### PROMPT:
Please retype the listing exactly as it appears, skipping each picture.

### SUPPLIED MATERIAL:
╔══

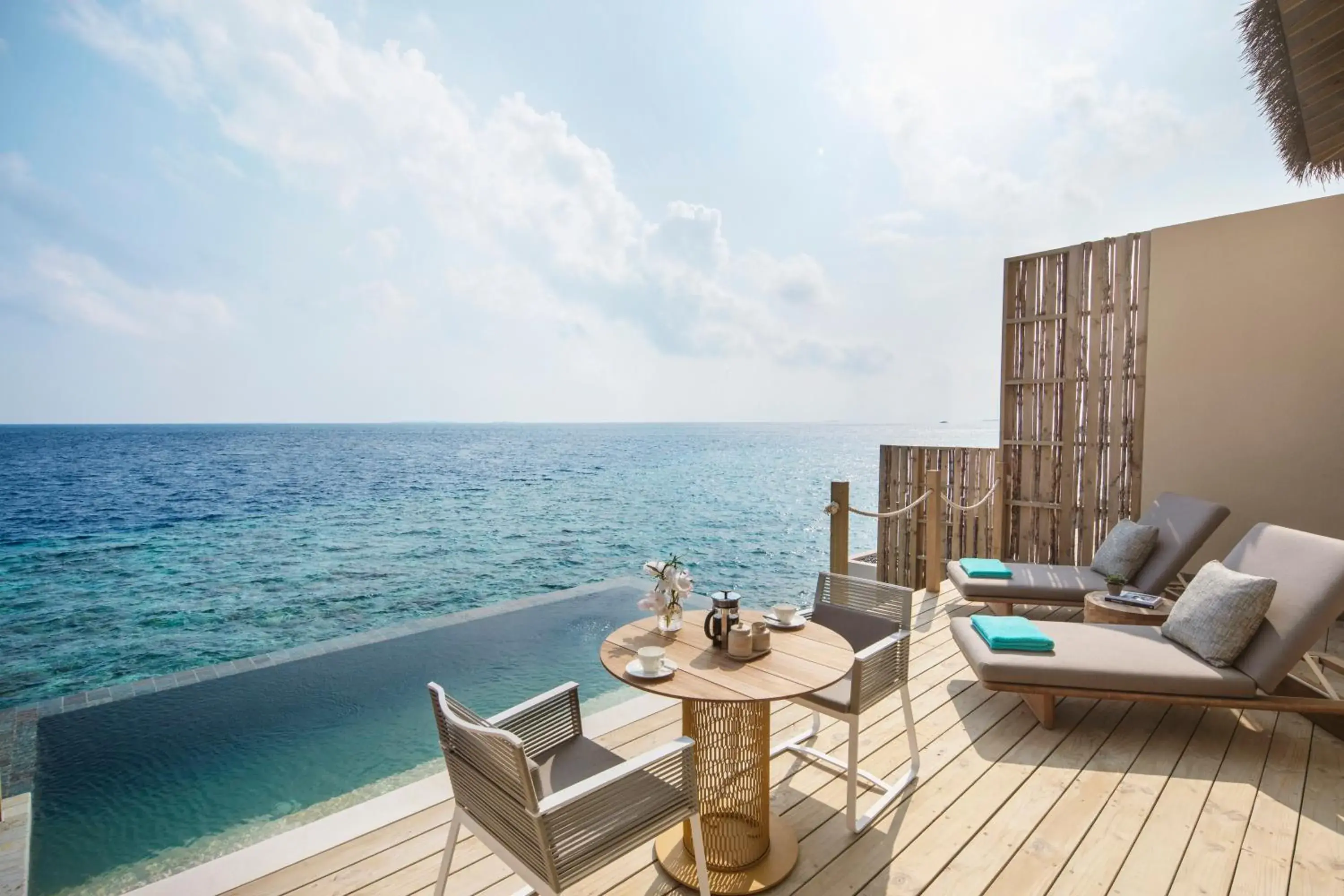 Sea view in Intercontinental Maldives Maamunagau Resort with Club benefits by IHG Sea view in Intercontinental Maldives Maamunagau Resort with Club benefits by IHG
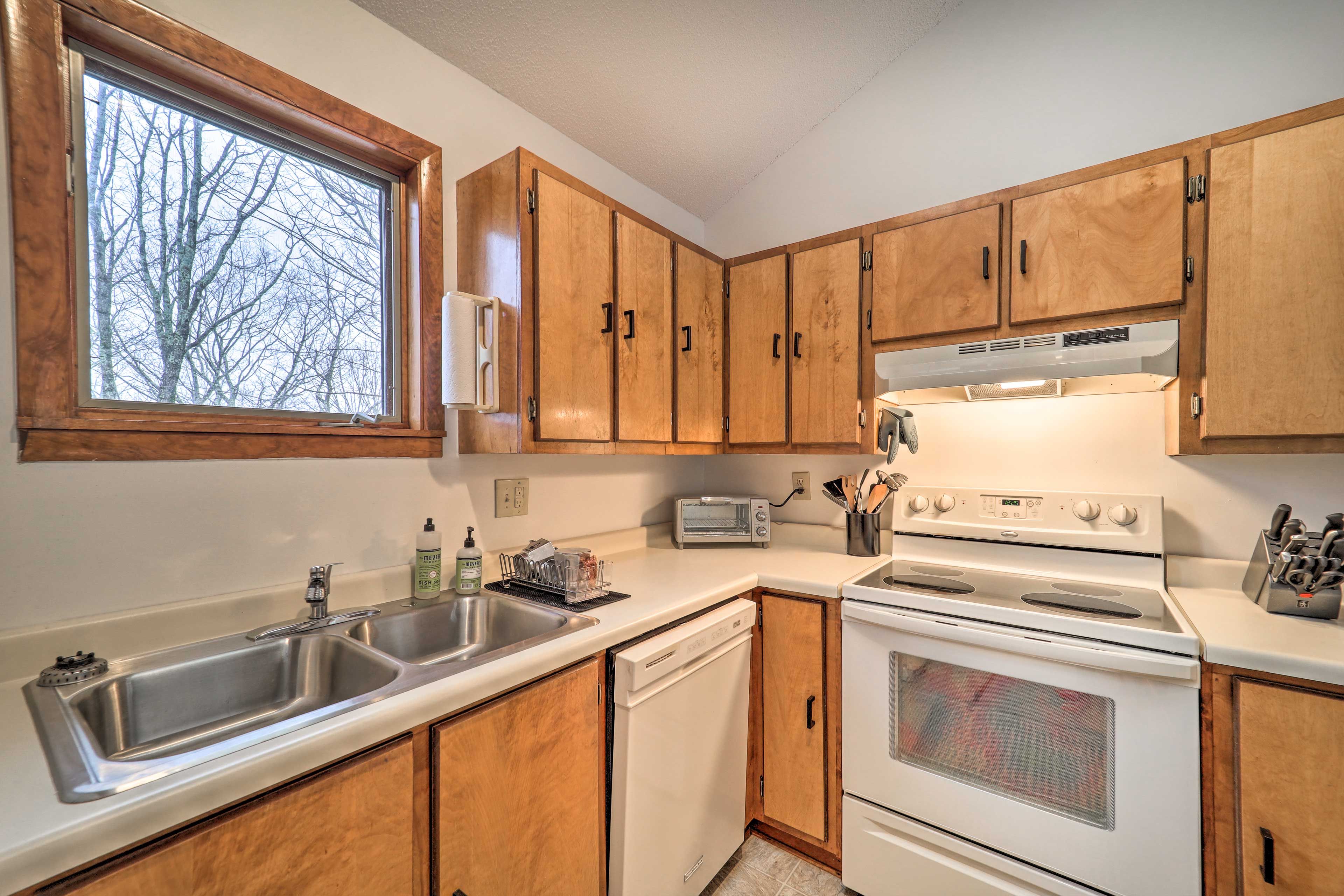 Fully Equipped Kitchen | Dishware & Flatware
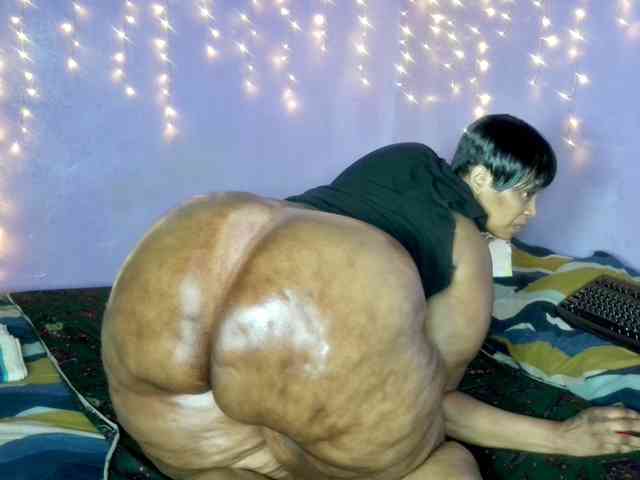 Big-Ass-Wilma webcam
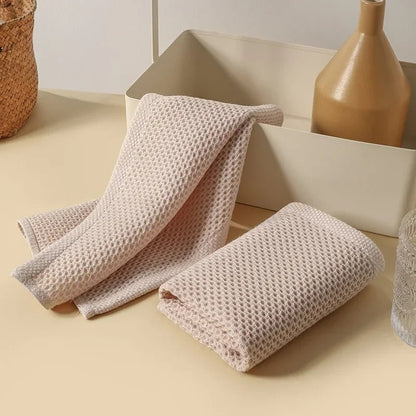 MONOVA – Ultra-absorbent towels in an elegant minimalist neutral color palette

╚══

### RESPONSE FOR THIS EXERCISE:
 Sea view in Intercontinental Maldives Maamunagau Resort with Club benefits by IHG Sea view in Intercontinental Maldives Maamunagau Resort with Club benefits by IHG
 Fully Equipped Kitchen | Dishware & Flatware
 Big-Ass-Wilma webcam
 MONOVA – Ultra-absorbent towels in an elegant minimalist neutral color palette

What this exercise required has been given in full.